熊が人を襲うのは人側に原因がある(だから殺すのは可哀そうだ)、という主張は正常性バイアスのひとつである、という話を聞いてなるほどなと思った。
この国には因果応報とい考え方が浸透している。その人に悪いことが起ったのは、その人が過去に悪い行いをしたから。もとは、だから善いことをし悪いことはするな、という仏教の教えではあるのだが、近ごろでは、親の因果が子に報い~(古い!)ではないが、自分の行いだけではなく親や血筋、地域など自分ではない因果が自分に応報される場合もあるようだ。
この考え方からすると、熊に襲われることは悪い出来事なので、襲われた人は過去になんらかの悪い行いをしたことになる。でもニュースから流れてくる襲われた人が過去にどんな悪いことをしたかは分からないので、人(その地域)が熊の生活圏を侵食した(悪行)から、熊に襲われたのだと因果応報を完成させる。言い換えると、自分はその悪行を行っていないから安全(と思いたい)、という正常性バイアス。
全てのクレーマがこの正常性バイアスで迷惑電話をしているわけではないだろうが、このような心理的作用もあるのではないかと思う。自分の不安を他人への攻撃に転化する行為はよく目にする。
しかし現実世界では、善い行いをしたから良いことが起ることも、悪い行いをしたから悪いことがおこることも殆どない。起こったことと行いは、ほぼ無関係だ。だから、ーもしかしたら偶然かもしれないがー善行をした人に良いことが起こり、悪行をした人に悪いことが起れば、ニュースや物語の題材となる。
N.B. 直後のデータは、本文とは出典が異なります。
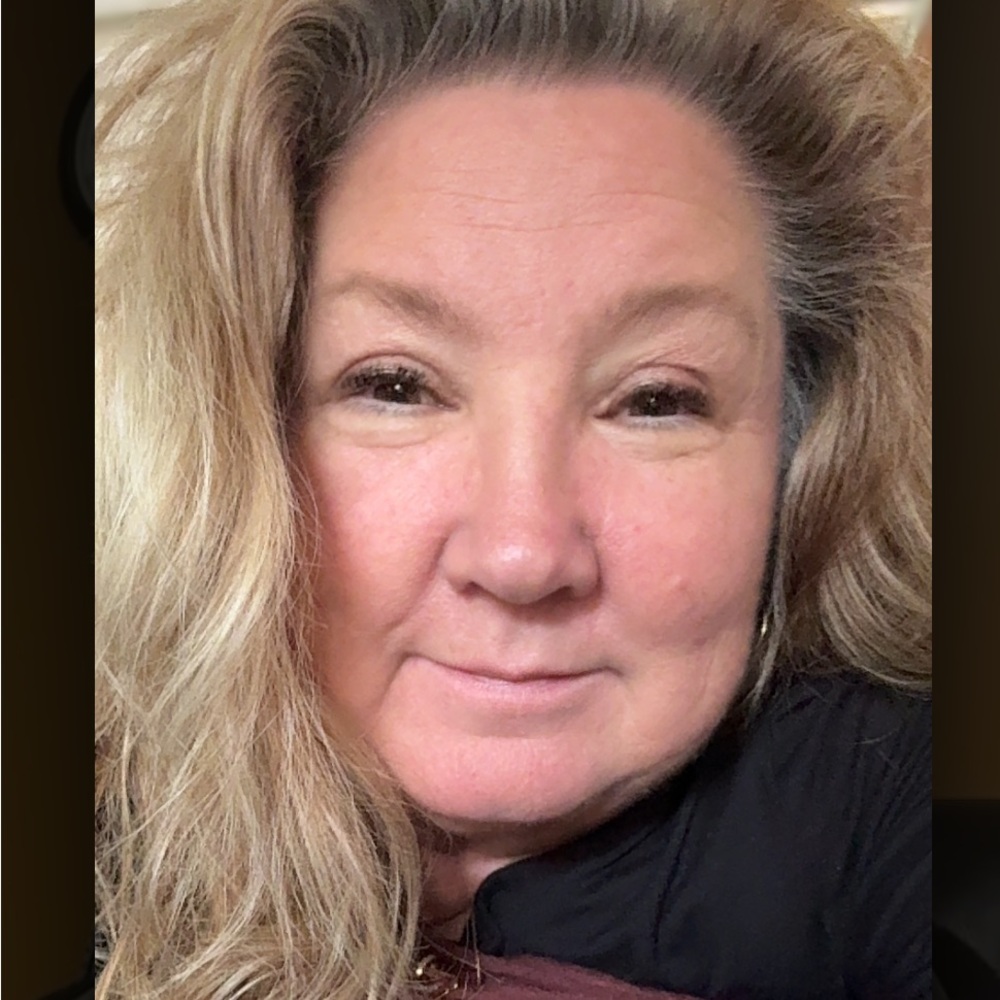 Momma_em_n_jay is going live!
でもきっと、その人の行いがその人に降りかかると思わないと人は不安になるではないかと思う。だって悪行ばかりの人が幸せになるなんて許せないし、善行ばかりのひとが不幸になるのはやるせない。だから、因果は応報しないとうすうす感じてはいるが、そう思いたくないからバイアスになってしまう。
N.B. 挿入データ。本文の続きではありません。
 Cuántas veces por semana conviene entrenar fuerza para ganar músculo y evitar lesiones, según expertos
因果応報がバイアスである、というのが本稿の趣旨だが、実は因果応報がバイアスであるというこそがバイアスである(因果応報は実際に起こる)、なのではないかとも疑っている。それは生業であるシステム開発。この世界では、おかしな振る舞いが起る時は必ず自分が書いたプログラムが間違っているし、手を抜いた設計やテスト不足は必ず、禍となって返ってくる。しかも、何倍にもなって。
だから、この業界に足を踏み入れている人は、絶対に因果は応報すると思っていた方がよいと思う。